The Codex Sinaiticus

Circa 330 CE to 360 CE
Codex Sinaiticus open full

An opening of the Codex Sinaiticus from one of the two bound volumes in the British Library.

The Codex Sinaiticus. (View Larger)

The Codex Sinaiticus (formerly known as the Codex Sinaiticus Petropolitanus) was written in Koine Greek in the mid-4th century, by at least three scribes. The codex was written in uncial majuscule in scriptio continua, without word division, punctuation or pagination; it incorporates two ancient methods for numbering its quires, and it also incorporates a version of the system of numbering the paragraphs of the Gospels developed by Eusebius of Caesarea. It was written in a four-column format except for the poetical and wisdom literature in which a two-column format was used. This is the only surviving biblical manuscript employing the four-column page format, and it has been suggested that this is reminiscent of the papyrus roll format rather than the codex. It is thought that the codex was written somewhere in Asia Minor, Palestine (Caesarea?) or Egypt.

The Codex Sinaiticus is unique among ancient manuscripts for the number of corrections that were made to it by ancient correctors.  In his monograph on the codex (reference below, p. 76) D. C. Parker states that there may be as many as 27,000 corrections to the text.
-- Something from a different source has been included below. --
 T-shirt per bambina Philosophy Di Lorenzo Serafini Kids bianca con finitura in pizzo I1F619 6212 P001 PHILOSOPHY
The number of corrections and the care in which they were made suggests, according to Parker, the importance that may have been given to this manuscript early in its history.
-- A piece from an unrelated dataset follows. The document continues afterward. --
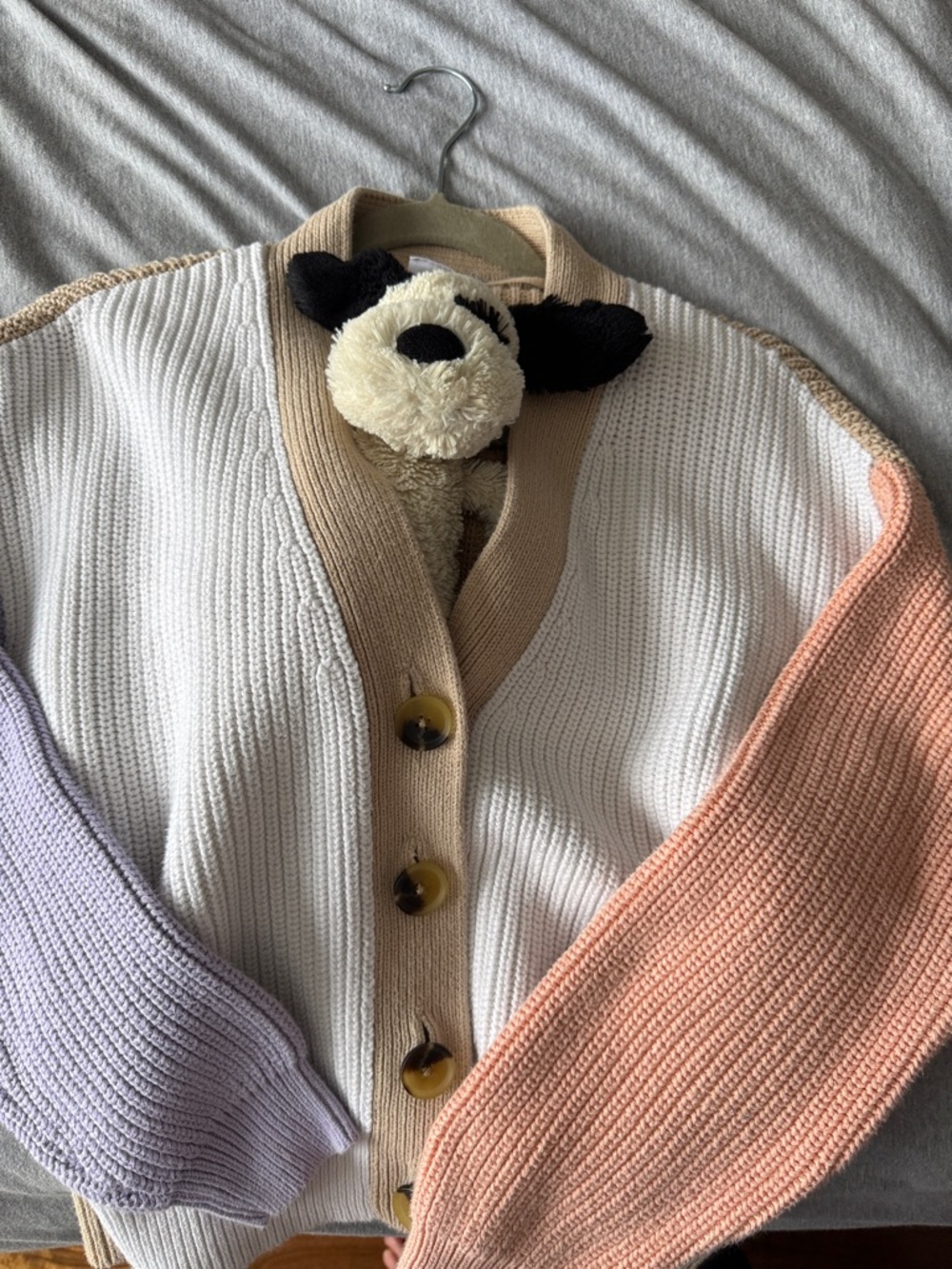 GAP cotton boxy colour block cardigan in size medium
Originally the Codex Sinaiticus contained the Old Testament, according to the canon of the Greek Septuagint, including the books known in English as the Apocrypha, (but without 2 and 3 Maccabees), along with the New Testament and two other early Christian books—the Shepherd of Hermas and the Epistle of Barnabas. The complete codex originally consisted of at least 97 quires, each containing 8 leaves or 16 pages, incorporating a total of 776 leaves. In its current form the codex comprises just over 400 leaves, each of which measure 380 mm (15 in.) high by 345 mm (13.5 in.) wide. In size and extent this represented a quantum leap from the papyrus codices in which early Christian documents were most typically written. Most papyrus codices are thought to have contained only one of the Gospels, and the most it is thought that could have been incorporated in the largest papyrus codex would have been the Gospels and Acts.
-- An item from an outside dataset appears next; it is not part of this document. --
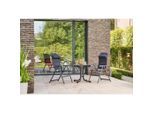 Siena Garden , Anthrazit, Schwarz , Metall, Kunststoff, Textil , Tisch klappbar, Stuhl klappbar, Rückenlehne mehrfach verstellbar , Gartenmöbel, Gartenmöbel-Sets, Gartengarnituren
Compared to the smaller papyrus codices, from the standpoint of book history the completion of the Codex Sinaiticus on parchment may represent an achievement comparable to Gutenberg's invention of printing by movable type more than 1000 years later. However, just over half of the original book survived, now dispersed between four institutions: St Catherine's Monastery in Sinai (where the manuscript was discovered), the British Library, Leipzig University Library, and the National Library of Russia in St. Petersburg. At the British Library the largest surviving portion - 347 leaves, or 694 pages - includes the whole of the New Testament. The other institutions hold portions of the Septuagint, which also survived almost complete, plus the Epistle of Barnabas, and portions of The Shepherd of Hermas

After his conversion to Christianity the Emperor Constantine  commissioned fifty Greek Bibles for the churches of his new capitol, Constantinople, and ever sincer the Codex Sinaiticus was discovered it was speculated that the Codex Sinaiticus was among those commissioned. However, there is no evidence to substantiate this speculation. None of the fifty copies has ever been conclusively identified.

In February 2014 a digital facsimile of the Codex and podcasts about the manuscript were available from the British Library at this link.

All surviving portions of the Codex were joined in a virtual electronic edition at Codexsinaiticus.org.

♦ Please use the exact phrase Codex Sinaiticus in the keyword search on this website to locate several other entries in this database pertinent to this codex as it appears in book history over the centuries.

For a general guide to the codex see  Parker, Codex Sinaiticus. The Story of the World's Oldest Bible (2010).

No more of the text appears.